Tuesday, August 19, 2008

Passing the Torch

Olympic fever has invaded our home. Grace & I have been diligently watching the games, rejoicing in the victories of Team USA & enjoying the best of us compete in Beijing. It was really cool to watch the women's marathon as the runners passed familiar landmarks from my missions trip to China in 2002. You know what they say - "God sure loves the Chinese people. That's why He made so many of them." :o)

Up until June of this year, Grace was determined to be a choo-choo girl (Gracie-speak for engineer who makes sure kids don't pick the flowers by the train in Dollywood). In June, we celebrated the graduation of one of Gracie's sitters who has a sister in gymnastics. Mandi was teaching the kids all sorts of tumbling moves. Since then, Grace has declared a new professional goal: "I want to be a 'gymnastic' when I grow up." Ok, fine. Well, NOW the girl knows she is born to be a gymnastic after watching & cheering Team USA gymnasts, both men & women.

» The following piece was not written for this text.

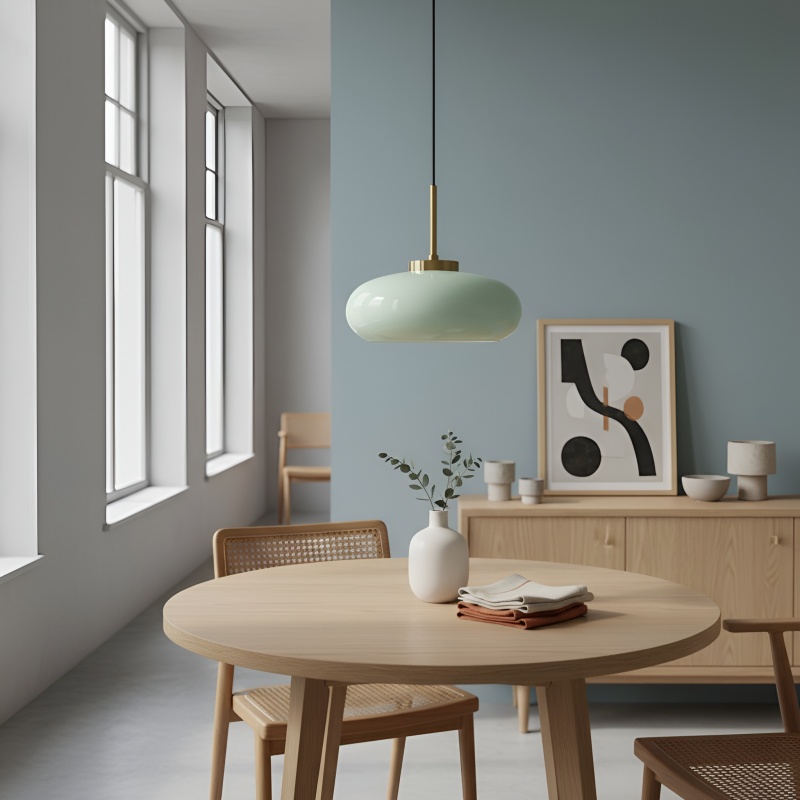 Mintgroene Bauhaus hanglamp in lichte kamer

We watched gynastics & diving along with track & field tonight, admiring the best of us in their respective sports. Zoom zoom. Grace is quite the cheerleader & comes by it honestly. I have been fascinated by the Olympics as long as I can remember. I think my first recollection were the games in Munich 1972 with the likes of unstoppable Mark Spitz who swept 7 gold medals & broke 7 world records in swimming. We've heard his name again recently as the world watched Michael Phelps assume the podium as the perhaps the new greatest Olympian in history with his 8 gold medals. Also a recognizable name from those games is Olga Korbut, gymnast from the USSR.

While I don't have any specific memories of Black September, the Olympic history pages read this way: The 11 days of these Games were perhaps the greatest Olympic festival ever. However, on the morning of 5 September, the Games were interrupted when eight Arab terrorists, representing the militant group "Black September" entered the Olympic Village, took hostage and then killed 11 members of the Israeli Olympic team- all this only 20km from Dachau... The Olympic Games were suspended for 34 hours and a mass was held in the main stadium to commemorate the victims. The flags of all the countries were flown at half-mast. But the Games continued at the insistence of the IOC President Avery Brundage, who famously said "The Games must go on !"

And they did. Fast forward to 1996. I had been living in Chicagoland for about 4 years. I read a little blurb in the Daily Southtown about the Olympic torch run through Chicago. Small town USA me was definitely going to catch a glimpse of history as it passed through big city USA. I made my way downtown...not even sure now how I got down there - by car or train maybe. Regardless, I scouted around Grant Park trying to find a good spot to see the torch ceremony. Noticing a gate ajar by a not so official barricade, I walked in like I knew where I was going. Hmmm...just in time to see the torch pass down a row of handlers to the awaiting runner right in front of me. In fact, my pictures weren't that great because I was so close & shaking in my shoes with all the REAL cameras in that PRESS only area. I can almost remember the heat of the flame as the torch was passed. Oh, the places you'll go & things you'll see if you walk confidently.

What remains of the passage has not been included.